● REQUIRED ACTION
Set down again each entry exactly as it reads, pictures excluded.

● DATA EXTRACTS
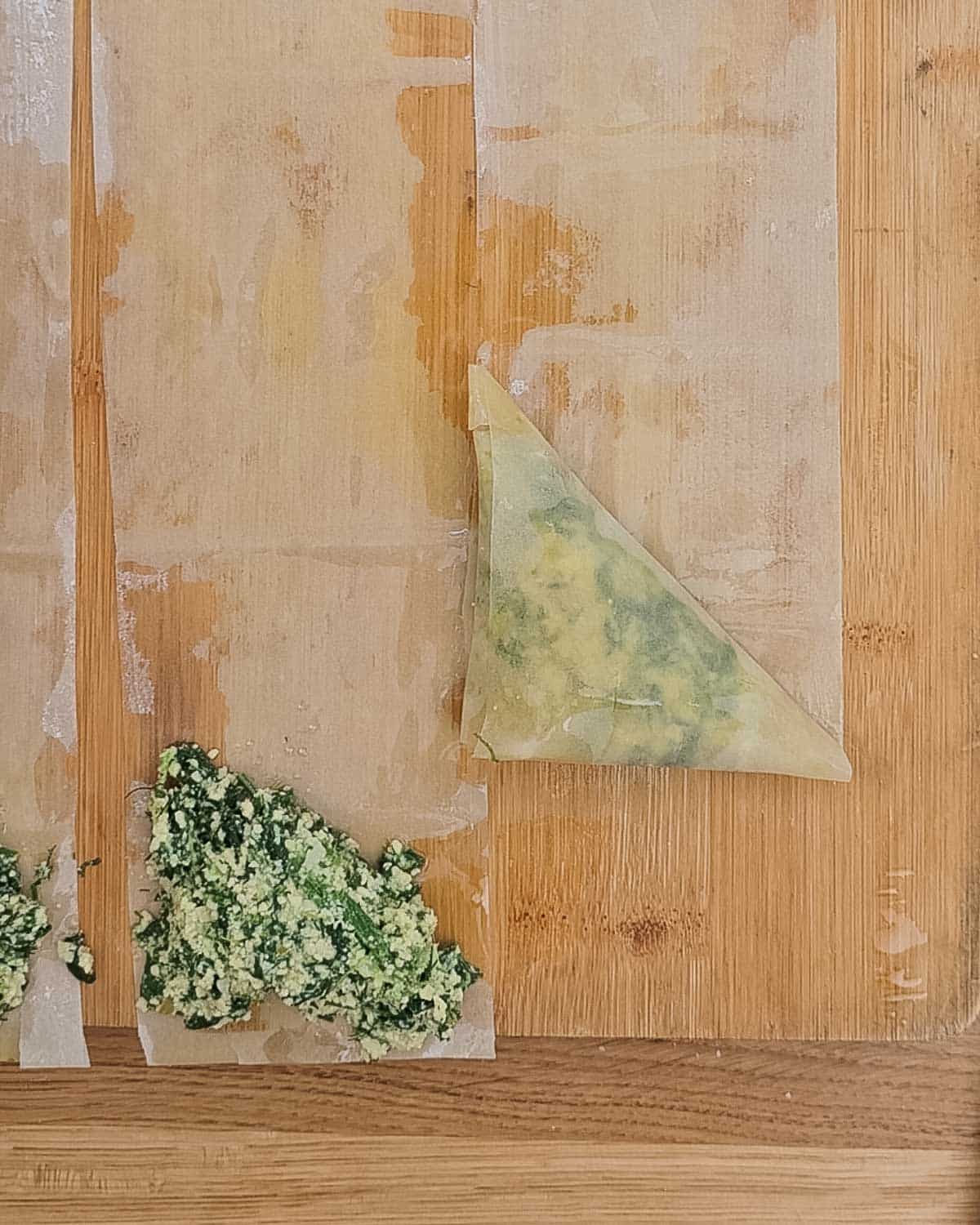 Strips of filo pastry lined up with olive oil and the cheese spinach filling.
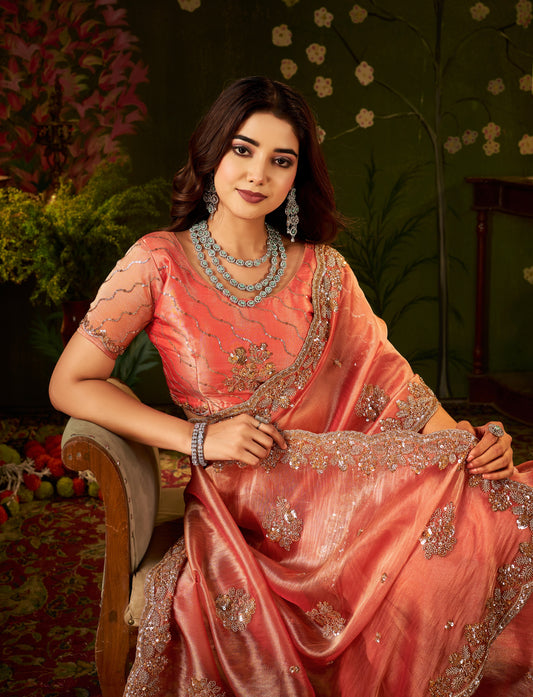 Stylish look of Handcrafted Peach Coral Regal Bloom Soft Tissue Saree.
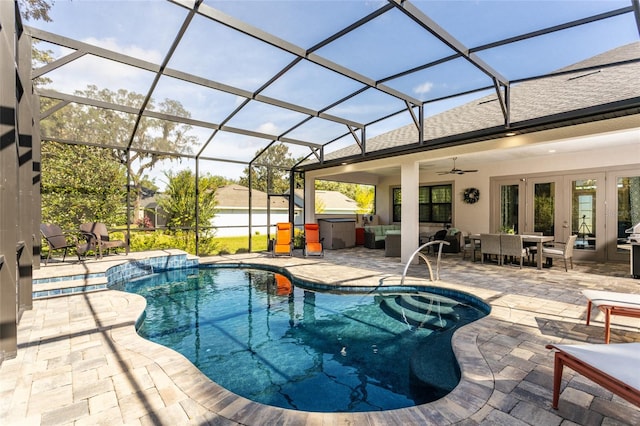 view of pool with french doors, a patio, glass enclosure, and ceiling fan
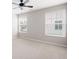 Bedroom featuring neutral carpeting and paint and two large windows at 214 Misty View Dr, Canton, GA 30114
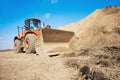 Orange excavator on a construction site Royalty Free Stock Photo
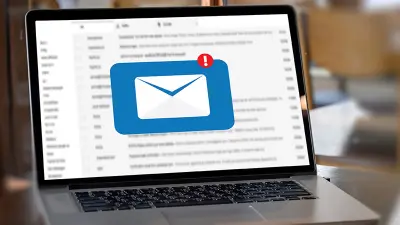 A laptop on a wooden table displays an email inbox with a large icon of a new message notification.
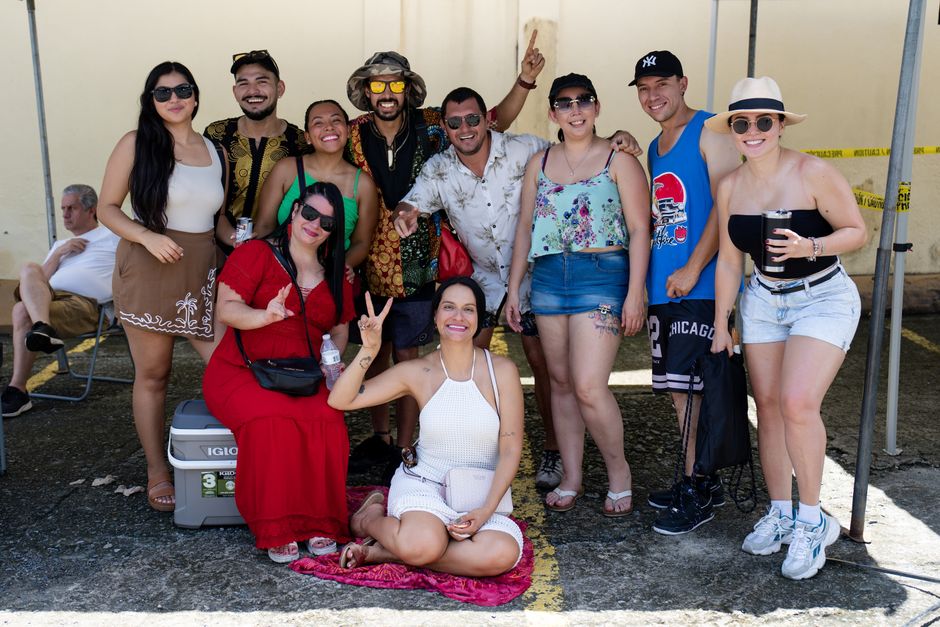 A group of friends enjoying a sunny day at Limón, Costa Rica's outdoor festival.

● WRITTEN SOLUTION
 Strips of filo pastry lined up with olive oil and the cheese spinach filling.
 Stylish look of Handcrafted Peach Coral Regal Bloom Soft Tissue Saree.
 view of pool with french doors, a patio, glass enclosure, and ceiling fan
 Bedroom featuring neutral carpeting and paint and two large windows at 214 Misty View Dr, Canton, GA 30114
 Orange excavator on a construction site Royalty Free Stock Photo
 A laptop on a wooden table displays an email inbox with a large icon of a new message notification.
 A group of friends enjoying a sunny day at Limón, Costa Rica's outdoor festival.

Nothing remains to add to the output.